=== EXERCISE DIRECTIONS ===
Each entry listed below should be reproduced word for word.

──────── SUPPLIED DATA ────────

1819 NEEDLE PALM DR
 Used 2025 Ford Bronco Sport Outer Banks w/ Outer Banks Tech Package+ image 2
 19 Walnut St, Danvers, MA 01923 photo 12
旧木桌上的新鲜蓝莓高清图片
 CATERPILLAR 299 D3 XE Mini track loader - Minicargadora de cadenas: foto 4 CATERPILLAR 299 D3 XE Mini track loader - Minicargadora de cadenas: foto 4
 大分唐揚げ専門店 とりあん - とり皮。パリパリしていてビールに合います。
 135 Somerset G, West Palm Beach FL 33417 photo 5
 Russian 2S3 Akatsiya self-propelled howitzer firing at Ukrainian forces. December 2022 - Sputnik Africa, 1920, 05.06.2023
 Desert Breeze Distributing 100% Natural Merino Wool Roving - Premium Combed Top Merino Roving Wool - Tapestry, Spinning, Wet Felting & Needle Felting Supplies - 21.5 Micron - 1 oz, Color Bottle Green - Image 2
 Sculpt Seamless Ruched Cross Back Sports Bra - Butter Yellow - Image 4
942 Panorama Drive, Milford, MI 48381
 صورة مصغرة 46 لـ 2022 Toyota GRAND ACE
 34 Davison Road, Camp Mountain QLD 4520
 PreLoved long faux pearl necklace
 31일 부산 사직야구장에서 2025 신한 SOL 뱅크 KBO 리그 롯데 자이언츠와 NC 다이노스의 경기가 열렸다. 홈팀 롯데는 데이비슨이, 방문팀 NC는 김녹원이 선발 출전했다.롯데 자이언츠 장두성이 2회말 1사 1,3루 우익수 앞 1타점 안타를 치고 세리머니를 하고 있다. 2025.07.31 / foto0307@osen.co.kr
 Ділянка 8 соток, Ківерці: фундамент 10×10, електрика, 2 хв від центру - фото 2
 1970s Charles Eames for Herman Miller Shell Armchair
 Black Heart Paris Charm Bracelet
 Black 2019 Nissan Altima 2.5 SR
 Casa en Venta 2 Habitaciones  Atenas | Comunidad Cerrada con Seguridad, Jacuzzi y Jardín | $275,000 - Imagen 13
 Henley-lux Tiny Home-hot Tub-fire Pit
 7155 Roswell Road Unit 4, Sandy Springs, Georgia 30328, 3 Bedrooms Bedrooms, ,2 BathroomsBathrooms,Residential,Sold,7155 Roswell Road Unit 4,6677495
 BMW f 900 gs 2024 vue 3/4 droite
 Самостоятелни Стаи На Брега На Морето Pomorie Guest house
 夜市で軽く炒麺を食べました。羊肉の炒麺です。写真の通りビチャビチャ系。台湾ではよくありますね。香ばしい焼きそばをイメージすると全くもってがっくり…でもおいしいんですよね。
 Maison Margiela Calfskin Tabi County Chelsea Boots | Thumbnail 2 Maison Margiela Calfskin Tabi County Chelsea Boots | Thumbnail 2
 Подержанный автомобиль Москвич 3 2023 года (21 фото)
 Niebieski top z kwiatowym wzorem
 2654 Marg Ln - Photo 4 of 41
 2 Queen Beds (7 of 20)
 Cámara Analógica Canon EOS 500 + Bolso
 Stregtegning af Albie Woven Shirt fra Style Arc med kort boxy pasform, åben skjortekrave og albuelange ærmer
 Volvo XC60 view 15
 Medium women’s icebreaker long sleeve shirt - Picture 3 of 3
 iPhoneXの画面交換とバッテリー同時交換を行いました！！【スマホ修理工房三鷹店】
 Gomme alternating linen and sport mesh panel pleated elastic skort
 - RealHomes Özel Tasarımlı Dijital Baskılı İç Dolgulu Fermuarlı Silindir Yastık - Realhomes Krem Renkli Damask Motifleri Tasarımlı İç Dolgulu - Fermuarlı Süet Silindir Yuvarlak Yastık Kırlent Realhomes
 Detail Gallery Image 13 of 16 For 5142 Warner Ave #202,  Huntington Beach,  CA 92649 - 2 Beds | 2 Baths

────────

=== REPLY ===
1819 NEEDLE PALM DR
 Used 2025 Ford Bronco Sport Outer Banks w/ Outer Banks Tech Package+ image 2
 19 Walnut St, Danvers, MA 01923 photo 12
旧木桌上的新鲜蓝莓高清图片
 CATERPILLAR 299 D3 XE Mini track loader - Minicargadora de cadenas: foto 4 CATERPILLAR 299 D3 XE Mini track loader - Minicargadora de cadenas: foto 4
 大分唐揚げ専門店 とりあん - とり皮。パリパリしていてビールに合います。
 135 Somerset G, West Palm Beach FL 33417 photo 5
 Russian 2S3 Akatsiya self-propelled howitzer firing at Ukrainian forces. December 2022 - Sputnik Africa, 1920, 05.06.2023
 Desert Breeze Distributing 100% Natural Merino Wool Roving - Premium Combed Top Merino Roving Wool - Tapestry, Spinning, Wet Felting & Needle Felting Supplies - 21.5 Micron - 1 oz, Color Bottle Green - Image 2
 Sculpt Seamless Ruched Cross Back Sports Bra - Butter Yellow - Image 4
942 Panorama Drive, Milford, MI 48381
 صورة مصغرة 46 لـ 2022 Toyota GRAND ACE
 34 Davison Road, Camp Mountain QLD 4520
 PreLoved long faux pearl necklace
 31일 부산 사직야구장에서 2025 신한 SOL 뱅크 KBO 리그 롯데 자이언츠와 NC 다이노스의 경기가 열렸다. 홈팀 롯데는 데이비슨이, 방문팀 NC는 김녹원이 선발 출전했다.롯데 자이언츠 장두성이 2회말 1사 1,3루 우익수 앞 1타점 안타를 치고 세리머니를 하고 있다. 2025.07.31 / foto0307@osen.co.kr
 Ділянка 8 соток, Ківерці: фундамент 10×10, електрика, 2 хв від центру - фото 2
 1970s Charles Eames for Herman Miller Shell Armchair
 Black Heart Paris Charm Bracelet
 Black 2019 Nissan Altima 2.5 SR
 Casa en Venta 2 Habitaciones  Atenas | Comunidad Cerrada con Seguridad, Jacuzzi y Jardín | $275,000 - Imagen 13
 Henley-lux Tiny Home-hot Tub-fire Pit
 7155 Roswell Road Unit 4, Sandy Springs, Georgia 30328, 3 Bedrooms Bedrooms, ,2 BathroomsBathrooms,Residential,Sold,7155 Roswell Road Unit 4,6677495
 BMW f 900 gs 2024 vue 3/4 droite
 Самостоятелни Стаи На Брега На Морето Pomorie Guest house
 夜市で軽く炒麺を食べました。羊肉の炒麺です。写真の通りビチャビチャ系。台湾ではよくありますね。香ばしい焼きそばをイメージすると全くもってがっくり…でもおいしいんですよね。
 Maison Margiela Calfskin Tabi County Chelsea Boots | Thumbnail 2 Maison Margiela Calfskin Tabi County Chelsea Boots | Thumbnail 2
 Подержанный автомобиль Москвич 3 2023 года (21 фото)
 Niebieski top z kwiatowym wzorem
 2654 Marg Ln - Photo 4 of 41
 2 Queen Beds (7 of 20)
 Cámara Analógica Canon EOS 500 + Bolso
 Stregtegning af Albie Woven Shirt fra Style Arc med kort boxy pasform, åben skjortekrave og albuelange ærmer
 Volvo XC60 view 15
 Medium women’s icebreaker long sleeve shirt - Picture 3 of 3
 iPhoneXの画面交換とバッテリー同時交換を行いました！！【スマホ修理工房三鷹店】
 Gomme alternating linen and sport mesh panel pleated elastic skort
 - RealHomes Özel Tasarımlı Dijital Baskılı İç Dolgulu Fermuarlı Silindir Yastık - Realhomes Krem Renkli Damask Motifleri Tasarımlı İç Dolgulu - Fermuarlı Süet Silindir Yuvarlak Yastık Kırlent Realhomes
 Detail Gallery Image 13 of 16 For 5142 Warner Ave #202,  Huntington Beach,  CA 92649 - 2 Beds | 2 Baths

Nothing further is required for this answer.